A goalkeeper article sent to me by one of my goalkeeping parents. Not sure who wrote it. I have added to it and commented where necessary.
Is your team coach helping your goalkeeper be part of the cool group?
The role of the goalkeeper is never well understood – except by other goalkeepers. Goalkeepers are lonely specialists, put in a position that is mostly a setup for failure. They rarely touch the ball, [as proved in the article on takeaways from the United Soccer Coaches Convention] when they do they have all the spotlight, saves are expected, and mistakes are very costly. It is the mirror image of strikers, who are always involved, mistakes are expected, and their goals – and even their good misses – are always celebrated. No wonder goalkeepers are paid less than strikers, and they very rarely win any awards.
Why therefore would anybody want to be a goalkeeper? Because it is a beautiful place to be. You see the whole game, you command your defense, and you can save your team. You are in charge. But is this something that coaches understand, especially at the youth level?
The modern goalkeeper is the last defender, with the advantage that he or she can use hands. This is pointed out in the article [The Goalkeeper as the Quarterback] As such, the Goalkeeper is part of the spine of the team – the keeper, the central defender, the holding midfielder, the playmaker, the striker. The best players must play in the middle, and the keeper is one of them. So goalkeepers need to think both as a player and as a keeper. It is a much more complex task than what the average field player has to accomplish.
However, despite this difficulty, goalkeepers are typically an afterthought for the coaches. Watch any practice, what do you see? Plenty of drills where keepers are just another player, with very little – if at all – dedicated attention to them. There are of course benefits of outfield training for goalkeepers but for the goalkeeper to be getting the dedicated practice they need, they need to be incorporated into the practice the right way.

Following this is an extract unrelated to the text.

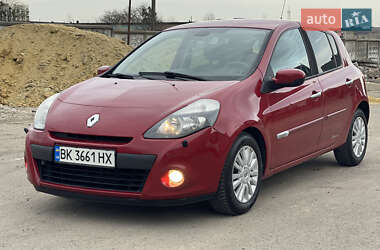Хэтчбек Renault Clio 2010 в Ровно
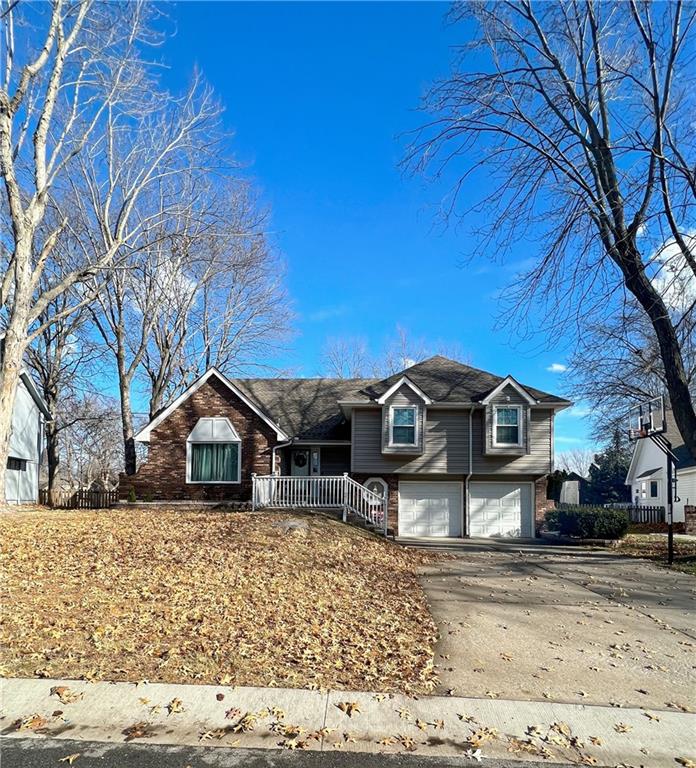 Homes for sale in Lees Summit, MO | 1139 Ne Clubhouse Ct, Lees Summit, MO 64086 | MLS# 2417904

An example of this is a standard drill, 4v4 with two targets. Where should the goalkeeper be? In most cases, they are just another player, depending on the color of their jersey. Really? Do goalkeepers play in midfield surrounded by other players? How does the goalkeeper contribute to the game with their feet? – As a target player, in fact, always being the last resort for a back pass. Integrate the goalkeeper in the drill in his position, and coach it properly. Make them a two-footed player, coach them to receive on the back foot and always thinking first of changing the point of attack when they receive the ball. Practice always has to be tactical, and for goalkeepers, it is not an exception.
Dedicated goalkeeping training typically implies taking the keepers away from the team to do “keeper practice”, often at a different time and location. Specialized training is always needed, and keepers do need to train in the goal. There needs to be some thought in how this is done by both the goalkeeper and the coach in order to keep the goalkeeper looking good in front of teammates.
First – The goalkeeper should also attend team practices if their goalkeeping practice is on another time/day so that they get the benefits of being around the team
Second – The coach should not send goalkeepers off with comments that portray that “those are the odds guys’“
A key feature of a good goalkeeper is the ability to command & organize the defense. Do you treat the odd guys in social groups with respect? Think of high school cafeteria dynamics – are you making the keepers look like the nerds, while they should be with the cool group?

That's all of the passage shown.